Editor's Letter: Here Awards 2024

Our editor contemplates the complexity of explaining our Best house Aotearoa 2024.

Editor's Letter: Here Awards 2024

Our editor contemplates the complexity of explaining our Best house Aotearoa 2024.

One of the hardest things with writing about architecture – or maybe, writing about anything – is there are always a multitude of ways to get into a story, but when you tell that story you tell it at the expense of other things.

You can right the balance, of course, and you can add sidebars and asides and maybe a bracket here and there for a bit of extra information, but the slant you take tends to nudge everything else out. Add too much, and it’s like a soup with too much in it; things get confused, the reader loses the thread. Your story becomes a list of points, at which point you would have been better to do a PowerPoint presentation.

I digress. You get the point. (Welcome to my brain.)

That’s a hard dance at the best of times, but it’s hardest when you have a house as thoughtful, as detailed and as carefully put together as our Best House Aotearoa 2024, the home of ceramicist Lucy Coote and architect Mark Leong.

The plans the couiple developed for the renovation of their original 1904 brick villa at the end of the street, at the end of central Wellington – a kind of full stop for the city – are on one level distinctive, clear-eyed and rational.

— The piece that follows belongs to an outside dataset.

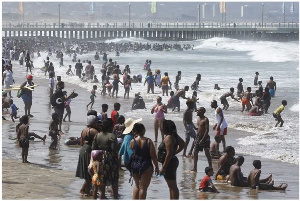 Revellers enjoy New Year's Day on a beach in Durban, South Africa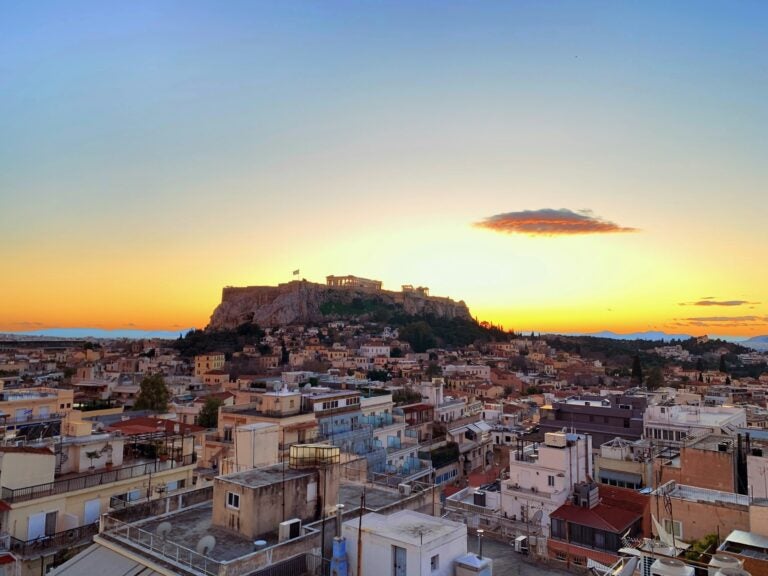 buildings in athens with the parthenon in the background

A U-shaped brick extension around a courtyard, with a lovely flow of spaces.

There are a million compelling things to talk about in the house: the house responds to its context, responds to its heritage, responds to the way they live. The colours are wonderful. They chose brick because it spoke to both of them, one as an architect and one as a potter. They mixed humble materials and basic carpentry with really lovely spaces… And there’s a lovely brick oculus beside the stairs outside which is a gentle nod to Leong’s Chinese-Malaysian ancestry. All that is without getting into the fact that a long time ago Mark was part of a band called So So Modern, and whether there are connections between architecture and music.  

And yet: it feels effortless, simple, restrained. A pale brick extension added to a lovely old house, with a sense of craft. You get the sense that, despite all the influences and thoughts and ideas and processes and experiments and discussions and logic and iterations and fine fine details, they very sensibly came back to the same intuitive question every time: does this feel right?

And the answer, of course, is yes, it does feel most truly right. Congratulations, Mark and Lucy, you have a wonderful home.